Electric Field and Potential

• Electric field lines: Represent the direction and magnitude of electric field. The closer the field lines, the stronger the field. Field lines start from positive charges and end at negative charges.

• Electric potential: The electric potential at a point is the amount of potential energy of a unit positive charge placed at that point. Equipotential surfaces are surfaces where the electric potential is constant.

• Equipotential surfaces: Perpendicular to the electric field lines and consist of points with equal electric potential. No net movement of charge occurs on these surfaces as there’s no change in potential.

• Electric field due to various charge configurations:

  • Point charge: Radially symmetric pattern of field lines.
  • Dipole: Electric dipole consists of two opposite charges separated by a distance. The field is stronger near the positive charge and weaker near the negative charge.
  • Line of charges: Uniform field in regions far from the line.
  • Infinite sheet of charges: Uniform field at both sides of the sheet and zero field inside the sheet.

• Relation between electric field and potential: Electric field is the negative gradient of electric potential, i.e., $\vec{E} = -\nabla V$.

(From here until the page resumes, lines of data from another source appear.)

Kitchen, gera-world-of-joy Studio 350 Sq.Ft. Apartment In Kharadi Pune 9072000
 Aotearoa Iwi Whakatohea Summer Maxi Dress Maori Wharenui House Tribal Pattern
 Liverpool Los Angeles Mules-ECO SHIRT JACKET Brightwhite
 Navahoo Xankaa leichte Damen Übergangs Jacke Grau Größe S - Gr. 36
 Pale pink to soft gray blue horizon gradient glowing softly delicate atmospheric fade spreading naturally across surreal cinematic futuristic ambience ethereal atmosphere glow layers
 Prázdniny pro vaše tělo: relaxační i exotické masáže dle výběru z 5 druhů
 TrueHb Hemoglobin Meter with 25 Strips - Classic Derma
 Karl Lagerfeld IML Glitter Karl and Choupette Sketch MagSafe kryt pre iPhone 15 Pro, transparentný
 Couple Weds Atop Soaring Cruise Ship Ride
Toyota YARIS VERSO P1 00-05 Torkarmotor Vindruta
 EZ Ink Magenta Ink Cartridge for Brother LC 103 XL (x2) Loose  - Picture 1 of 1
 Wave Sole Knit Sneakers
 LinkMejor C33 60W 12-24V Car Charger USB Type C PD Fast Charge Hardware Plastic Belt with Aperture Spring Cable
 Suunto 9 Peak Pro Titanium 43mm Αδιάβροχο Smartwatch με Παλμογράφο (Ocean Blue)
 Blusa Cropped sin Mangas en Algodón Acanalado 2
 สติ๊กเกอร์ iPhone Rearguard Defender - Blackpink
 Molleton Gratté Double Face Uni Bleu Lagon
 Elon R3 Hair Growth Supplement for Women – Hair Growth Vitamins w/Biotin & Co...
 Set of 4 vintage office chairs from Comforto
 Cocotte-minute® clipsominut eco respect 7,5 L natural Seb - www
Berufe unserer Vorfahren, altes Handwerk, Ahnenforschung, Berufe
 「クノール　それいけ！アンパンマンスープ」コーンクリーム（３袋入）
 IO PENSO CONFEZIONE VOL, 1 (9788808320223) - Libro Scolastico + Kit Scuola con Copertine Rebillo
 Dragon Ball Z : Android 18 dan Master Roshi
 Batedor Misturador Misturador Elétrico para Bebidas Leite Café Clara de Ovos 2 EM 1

• Motion of charged particles: In a uniform electric field, a charged particle experiences constant acceleration and moves along parabolic trajectories.

Capacitance

• Capacitance: Ability of a system to store charge when a potential difference is applied.

• Capacitance of a parallel-plate capacitor: $C = \frac{\varepsilon_0 A}{d}$, where $C$ is the capacitance, $\varepsilon_0$ is the permittivity of free space, $A$ is the area of the plates, and $d$ is the distance between the plates.

• Factors affecting capacitance: Area of the plates, distance between the plates, type of dielectric material between the plates, permittivity of the dielectric.

• Energy stored in a capacitor: $U_C = \frac{1}{2} CV^2$, where $U_C$ is the stored energy, $C$ is the capacitance, and $V$ is the potential difference.

• Capacitors in series and parallel: Capacitors in series have the same charge but different voltages, and the equivalent capacitance is less than the capacitance of any single capacitor. Capacitors in parallel have the same voltage but different charges, and the equivalent capacitance is larger than the capacitance of any single capacitor.

• Applications of capacitors: Energy storage devices in electronic circuits, RC circuits for timing purposes, filtering unwanted signals in AC circuits, etc.